> _RECORDS FOR PROCESSING_
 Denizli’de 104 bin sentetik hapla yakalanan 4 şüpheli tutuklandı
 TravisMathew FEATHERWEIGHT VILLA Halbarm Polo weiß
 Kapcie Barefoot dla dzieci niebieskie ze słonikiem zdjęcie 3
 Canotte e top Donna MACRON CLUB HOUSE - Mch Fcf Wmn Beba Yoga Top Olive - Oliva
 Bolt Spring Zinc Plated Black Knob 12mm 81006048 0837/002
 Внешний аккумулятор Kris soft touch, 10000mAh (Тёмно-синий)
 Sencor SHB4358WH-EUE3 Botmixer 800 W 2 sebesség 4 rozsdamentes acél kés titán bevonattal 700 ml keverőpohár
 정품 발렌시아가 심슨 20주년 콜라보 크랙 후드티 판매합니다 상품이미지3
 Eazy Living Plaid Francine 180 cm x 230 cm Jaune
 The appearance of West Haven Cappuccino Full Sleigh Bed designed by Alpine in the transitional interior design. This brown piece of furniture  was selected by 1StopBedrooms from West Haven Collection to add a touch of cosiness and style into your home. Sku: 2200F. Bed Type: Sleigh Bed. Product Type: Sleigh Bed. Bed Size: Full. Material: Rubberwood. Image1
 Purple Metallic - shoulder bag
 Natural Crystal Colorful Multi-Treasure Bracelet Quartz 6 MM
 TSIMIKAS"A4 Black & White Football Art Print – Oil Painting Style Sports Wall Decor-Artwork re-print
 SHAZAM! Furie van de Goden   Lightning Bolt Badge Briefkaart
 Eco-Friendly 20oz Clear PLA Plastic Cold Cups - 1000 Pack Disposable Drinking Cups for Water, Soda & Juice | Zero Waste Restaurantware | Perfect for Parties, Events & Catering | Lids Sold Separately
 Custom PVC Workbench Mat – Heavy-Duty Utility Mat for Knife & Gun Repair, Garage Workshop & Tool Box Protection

> _ACTION ITEM_
The answer must be the data above, repeated exactly as it stands.

> _WRITTEN RESPONSE_
 Denizli’de 104 bin sentetik hapla yakalanan 4 şüpheli tutuklandı
 TravisMathew FEATHERWEIGHT VILLA Halbarm Polo weiß
 Kapcie Barefoot dla dzieci niebieskie ze słonikiem zdjęcie 3
 Canotte e top Donna MACRON CLUB HOUSE - Mch Fcf Wmn Beba Yoga Top Olive - Oliva
 Bolt Spring Zinc Plated Black Knob 12mm 81006048 0837/002
 Внешний аккумулятор Kris soft touch, 10000mAh (Тёмно-синий)
 Sencor SHB4358WH-EUE3 Botmixer 800 W 2 sebesség 4 rozsdamentes acél kés titán bevonattal 700 ml keverőpohár
 정품 발렌시아가 심슨 20주년 콜라보 크랙 후드티 판매합니다 상품이미지3
 Eazy Living Plaid Francine 180 cm x 230 cm Jaune
 The appearance of West Haven Cappuccino Full Sleigh Bed designed by Alpine in the transitional interior design. This brown piece of furniture  was selected by 1StopBedrooms from West Haven Collection to add a touch of cosiness and style into your home. Sku: 2200F. Bed Type: Sleigh Bed. Product Type: Sleigh Bed. Bed Size: Full. Material: Rubberwood. Image1
 Purple Metallic - shoulder bag
 Natural Crystal Colorful Multi-Treasure Bracelet Quartz 6 MM
 TSIMIKAS"A4 Black & White Football Art Print – Oil Painting Style Sports Wall Decor-Artwork re-print
 SHAZAM! Furie van de Goden   Lightning Bolt Badge Briefkaart
 Eco-Friendly 20oz Clear PLA Plastic Cold Cups - 1000 Pack Disposable Drinking Cups for Water, Soda & Juice | Zero Waste Restaurantware | Perfect for Parties, Events & Catering | Lids Sold Separately
 Custom PVC Workbench Mat – Heavy-Duty Utility Mat for Knife & Gun Repair, Garage Workshop & Tool Box Protection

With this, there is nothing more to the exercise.